You do ball joints about every 30k. Maybe tie rod ends and pitman arm about every 45k. Check the slop in your front axle U-joints. They may need replaced. When I do the front end I tear the whole thing down and do all the replacements at once. It should still have pressed on brake rotors. Check the run out on them too. A 91 should still have the ignition module that plugs into the distributor. It quit's running with no spark that's the first thing I check.Part store's sell the tool to get it out.Have them test the new one. I have got 2 bad right out of the box.Distributor caps tend to last 2 years,write date on cap with marker. Start having duel fuel tank issue's. The tank switcher can be the problem.Make sure all the ground connections under the hood are clean shiny on contact surfaces. Protect with dielectric grease.If not good connections you can have light/charging issue's. If you have the manual 4x4 shift lever make sure it's lubed. They bind and will not go into 4 low.Check leaf spring hangers. They rust out under rust proofing treatment. Take out the fill plug before you open drain plug on the transfer case and front axle. They tend to be froze inplace.


----------



## Paulie's Plowin (Jan 21, 2009)

Thanks Mikirig1 thats the stuff i'm talking about. truck has 140 on her has new trans western plow typical ford rust he's looking for 25 has 2 sets of wheels.has a 5.0 going to look at it weds. I have 2 cjs but need something in case we get a biggy,was usin my neighbor but he likes his buds so you never know if he will be um there. lol Thanks again.


----------



## Glenn Lawn Care (Sep 28, 2009)

If it's a diesel, they are a pain in the a$$ to start in the winter, well my 89 was, but the 4x4 was amazing and it plow like a champ!!


----------



## PabstBlueRibbon (May 11, 2010)

Glenn Lawn Care;1303171 said:


> If it's a diesel, they are a pain in the a$$ to start in the winter, well my 89 was, but the 4x4 was amazing and it plow like a champ!!

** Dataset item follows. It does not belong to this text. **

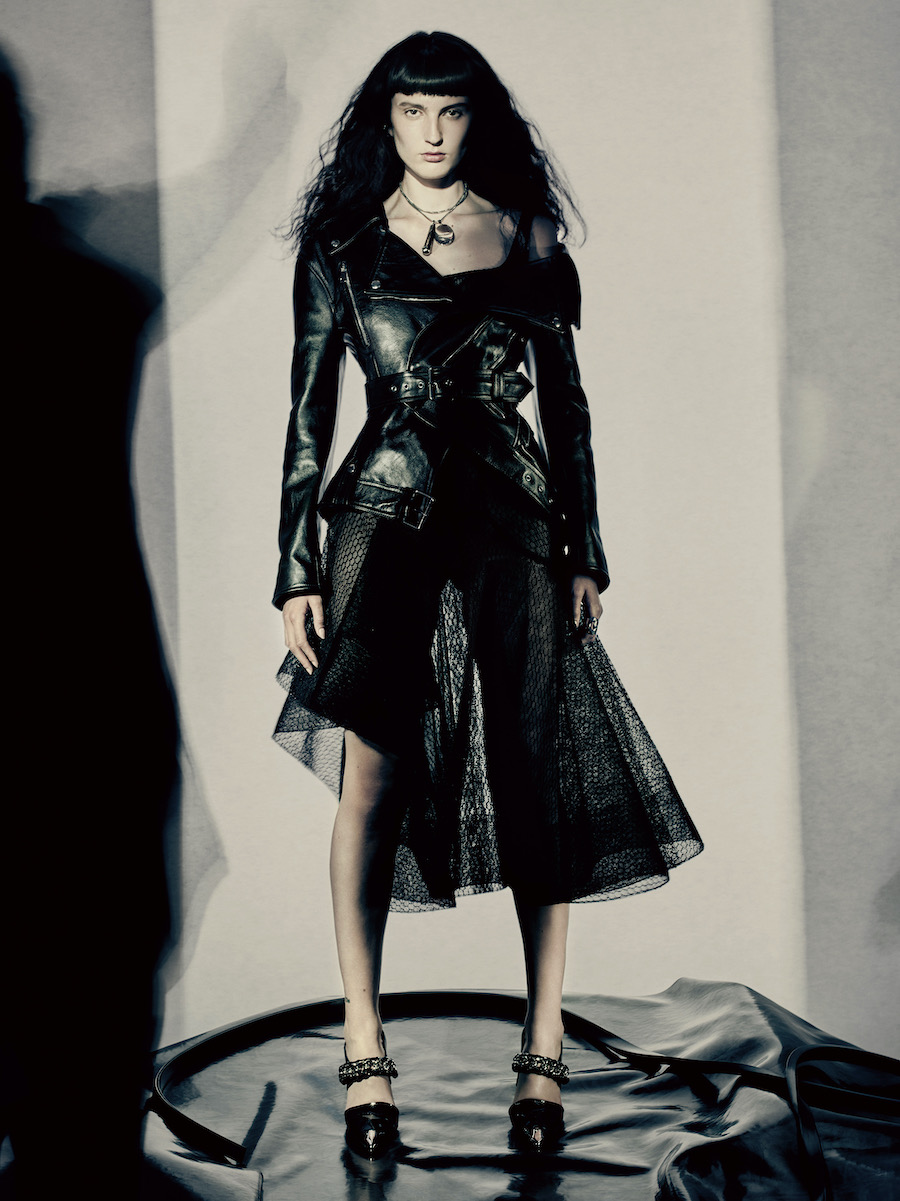Alexander McQueen 2022秋冬女装系列广告大片_12.jpg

did you plug it in? Did you check to see if the heater actually worked?


----------



## MickiRig1 (Dec 5, 2003)

A diesel with all the glow plugs working will start in very cold conditions. I have owned 2 diesels over the years.. One started when it was -20 degrees. The best part of plugging it in is you have heat right away.


----------



## tjctransport (Nov 22, 2008)

a 302 will be a gas guzzling dog.


----------



## Glenn Lawn Care (Sep 28, 2009)

PabstBlueRibbon;1303383 said:


> did you plug it in? Did you check to see if the heater actually worked?

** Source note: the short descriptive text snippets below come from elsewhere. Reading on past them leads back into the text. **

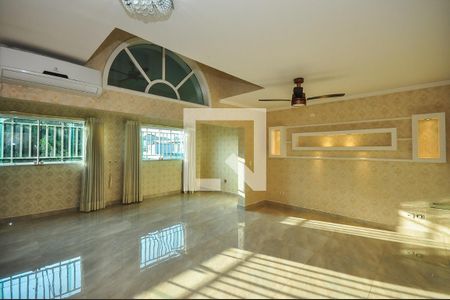 Casa para alugar com 500m², 4 quartos e 4 vagasSuíte 2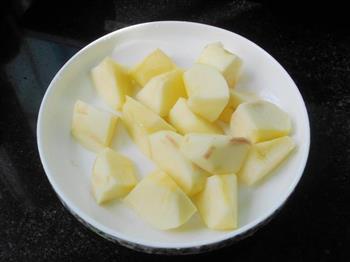 苹果杏仁无花果甜汤的做法步骤2
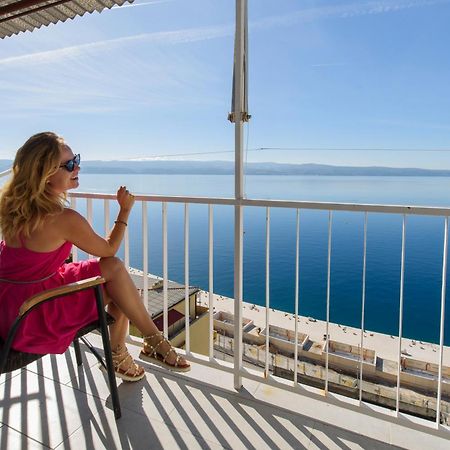 Sunny Apartment Omis Bagian luar foto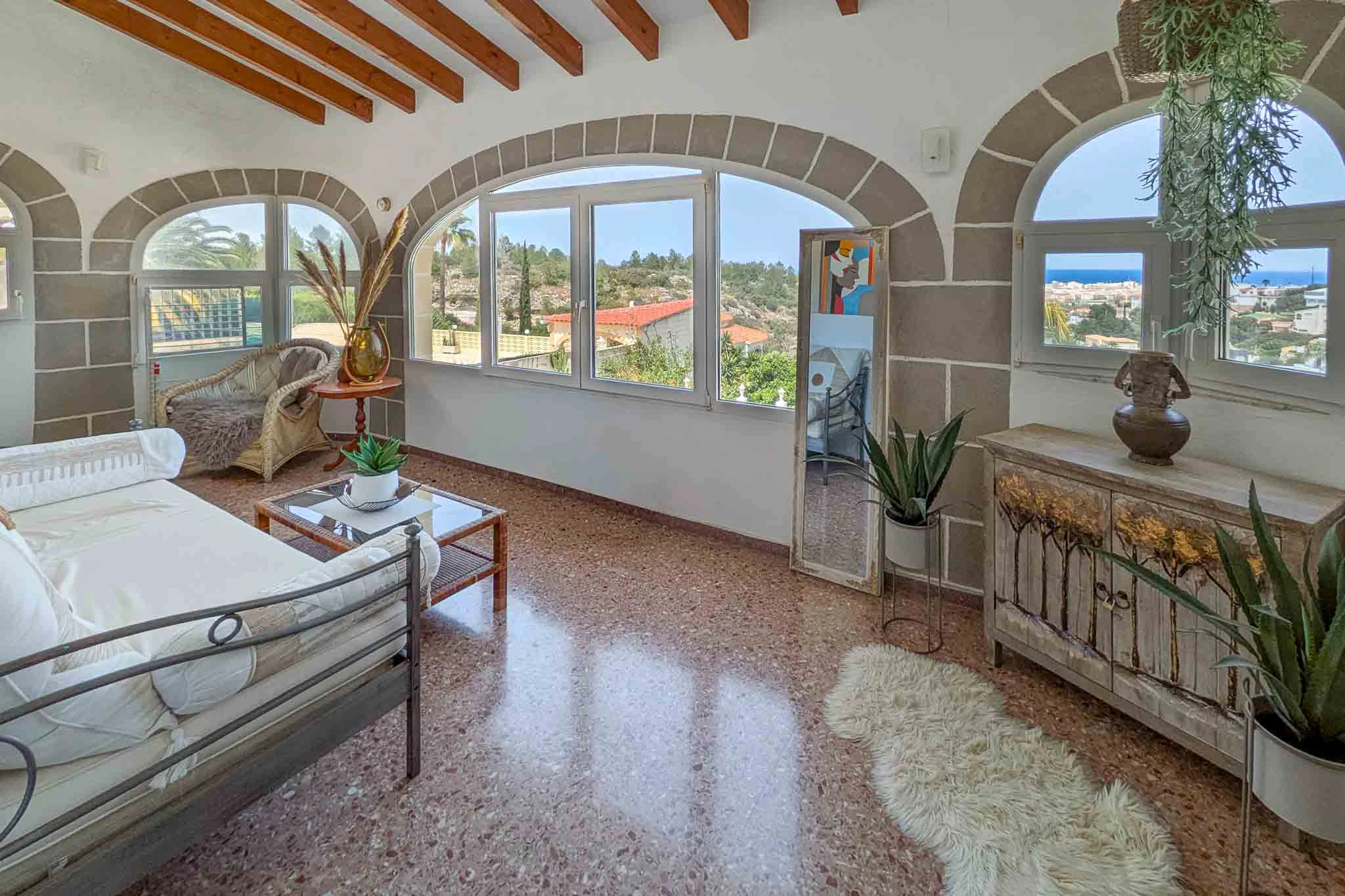 Exclusiva vivienda con piscina y vistas panorámicas al Montgó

No, the block heater didn't work, it was kept in a heated garage all winter and still didn't want to start. It was a well maintained truck when I bought it. I only bought it for the plow.


----------



## tjctransport (Nov 22, 2008)

Glenn Lawn Care;1303627 said:


> No, the block heater didn't work, it was kept in a heated garage all winter and still didn't want to start. It was a well maintained truck when I bought it. I only bought it for the plow.

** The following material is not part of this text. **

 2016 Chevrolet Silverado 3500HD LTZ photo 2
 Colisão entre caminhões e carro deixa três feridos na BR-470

i bet it had aftermarket glow plugs in it. 
with the proper BERU ZD-9 glow plugs, my 88 will fire rite up at 20 below. 
but on the same lines, i know a lot of people that spend more money and put the garbage champion, autolite, wellman, and bosch glow plugs in their trucks and have nothing but problems because the glow plugs burn out within 5-10 starts.


----------



## Glenn Lawn Care (Sep 28, 2009)

The truck was a P.O.S., the tranny was going out, the cab was rusted to out, but it plowed great and the 4x4 was amazing!!!


----------